*Task prompt*
Your copy starts at the line containing "When doing delicate" and ends at the last line below. Copy exactly, without pictures.

** Provided data follows **

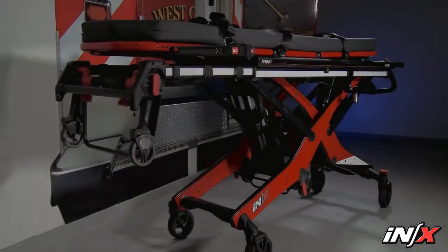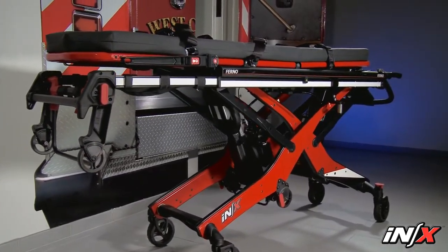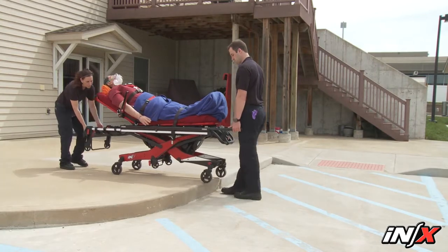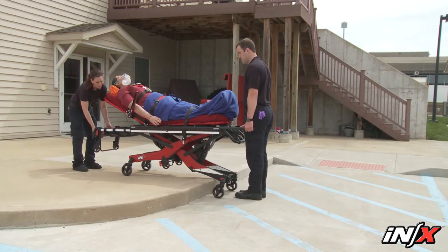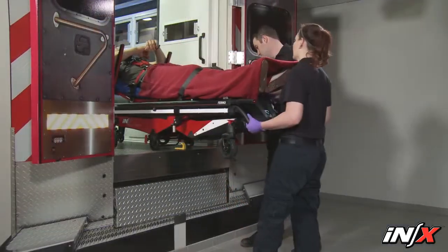The NX integrated patient transport and loading system is an emergency patient handling system designed to transport a patient over various terrain and to be loaded into and unloaded from an ambulance for ground-based transportation.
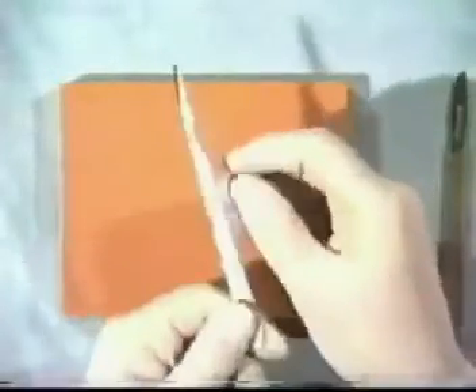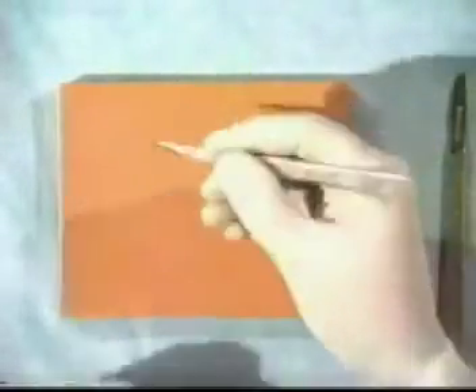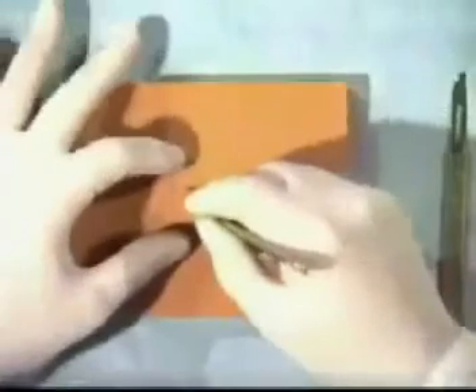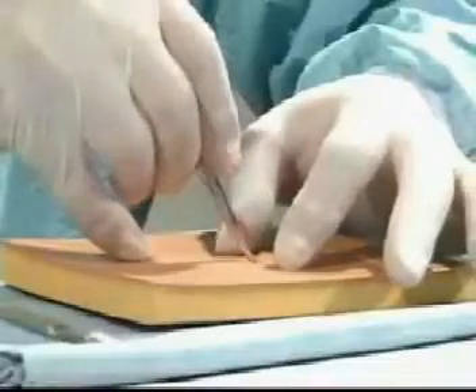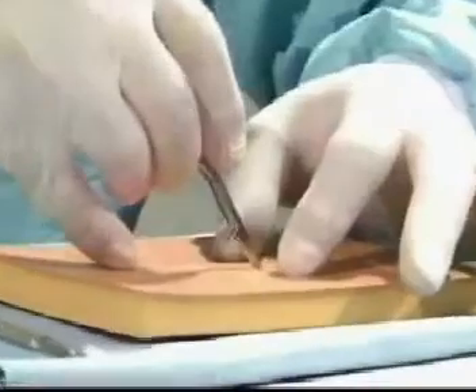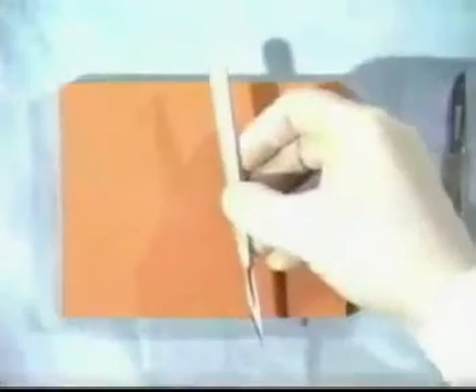When doing delicate work with a fine-bladed scalpel, you may wish to hold it like a pen so that finer work can be undertaken. Note how the little finger can be used to steady the hand holding the scalpel. When passing a scalpel, never pass it blade first — always pass it handle first with the blade down.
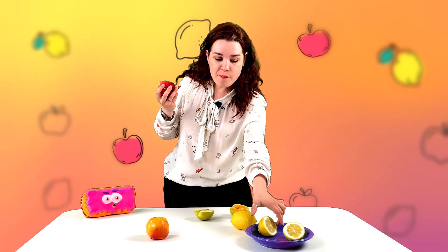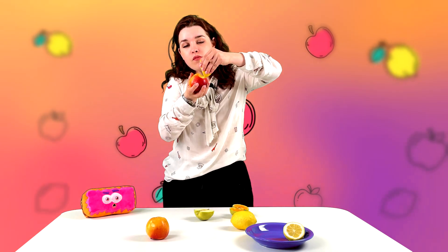Now you can have a bite of an apple, squeeze some lemon over, and return to it later without being afraid that it will turn brown. You can enjoy even more cool experiments with our Jolly Battle channel.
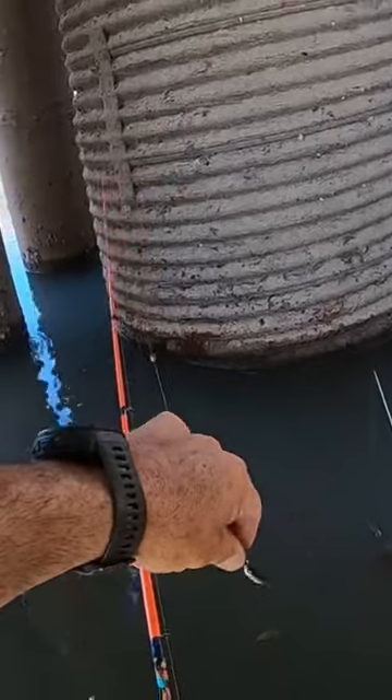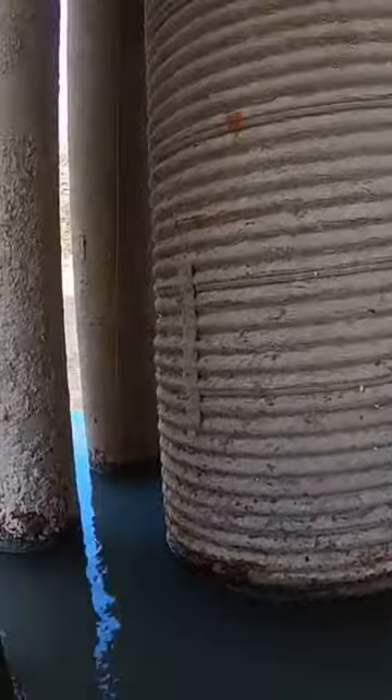They're in here. You were right, right up on the current. Put that back down there.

** End of Provided data **

*The completed task*
When doing delicate work with a fine-bladed scalpel, you may wish to hold it like a pen so that finer work can be undertaken. Note how the little finger can be used to steady the hand holding the scalpel. When passing a scalpel, never pass it blade first — always pass it handle first with the blade down.
Now you can have a bite of an apple, squeeze some lemon over, and return to it later without being afraid that it will turn brown. You can enjoy even more cool experiments with our Jolly Battle channel.
They're in here. You were right, right up on the current. Put that back down there.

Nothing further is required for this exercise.